Per analizzare i vini bianchi si pone il poggiadito a sinistra e si versa il vino con la mano destra. Per i rossi è l’incontrario. Il fondo del piattino è convesso per limitare la misura del vino da versare, che non deve superare la bolla di livello. Intorno ad essa ci sono altre 14 piccole bolle in rilievo sulle quali si fa roteare il vino per facilitare l’ossigenazione e sprigionare i profumi. Quest’operazione favorisce il bilanciamento dell’acidità e dei tannini presenti nel vino e ne armonizza il sapore. Lo spazio sopra le bolle è quello che dà informazioni specifiche sul vino bianco o rosso. Lungo un semicerchio ci sono 8 avvallamenti di diversa profondità, detti perle, che permettono di fare l’esame visivo della chiarezza e colore dei vini rossi. Mentre la valutazione oculare dei vini bianchi si fa sul lato opposto dove ci sono 17 nervature, incisioni di forma allungata, che sono più adatte per determinare la tonalità e la limpidezza dei vini bianchi.

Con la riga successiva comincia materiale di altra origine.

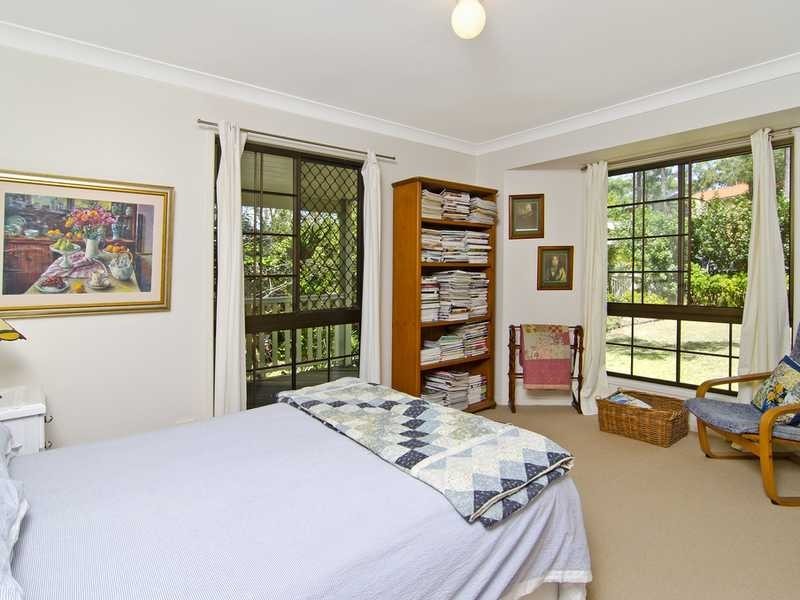 5 Horsman Road, Elanora QLD 4221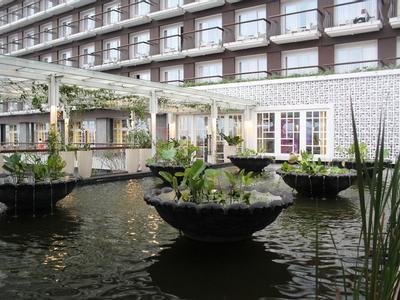 Hotel THE 1O1 Bogor Suryakancana - Bild 2
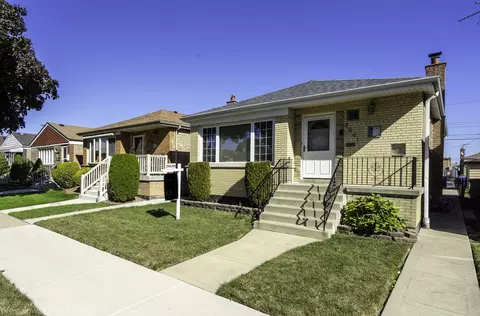 4841 S Lawler Ave, Chicago, IL 60638
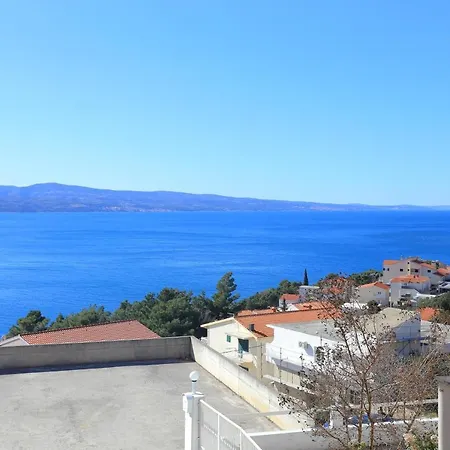 With A Parking Space Stanici, Omis - 2818 Apartment Tice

Si può ben capire quante informazioni vengano offerte al sommelier prima ancora di passare alla degustazione. Allora perché questo strumento così efficiente è diventato obsoleto? Perché per quanto elaborato, ha i suoi limiti, che i moderni bicchieri hanno superato.

La sua forma aperta non acconsente l’approfondito esame del bouquet del vino, in quanto gli aromi si disperdono troppo rapidamente. Già qui possiamo capire che una boccia di cristallo finissimo che si racchiude verso l’alto offra al naso uno spazio impareggiabile per analizzare il profumo del vino. In secondo luogo le dimensioni e la forma del tastevin non sono adatte a valutare il perlage – le bollicine di effervescenza – degli spumanti.

Oggigiorno i sommelier hanno a disposizione tutta una serie di bicchieri di materiale di altissima qualità. Inoltre negli anni ‘70 è stato ufficialmente adottato il bicchiere ISO (International Standards Organization), frutto delle ricerche dell’enologo Jules Chauvet, dalle forme e dal materiale dettagliatamente codificati.

Il calice, a forma di tulipano chiuso, è alto 15,5 cm, di cui 10 cm di bicchiere e 5,5 di stelo; i diametri di orlo, pancia e base sono rispettivamente di 4,6, 6,5 e 5,5 cm, con una capacità compresa tra i 210 e i 225 ml ed è considerato il mezzo ideale per valutare la maggior parte dei vini.

Insomma, durante la degustazione di un vino, tutti sono capaci di tenere in mano un calice, far roteare il liquido, annusare e assaporare. Ma solo quello con il piattino al collo sa farlo professionalmente.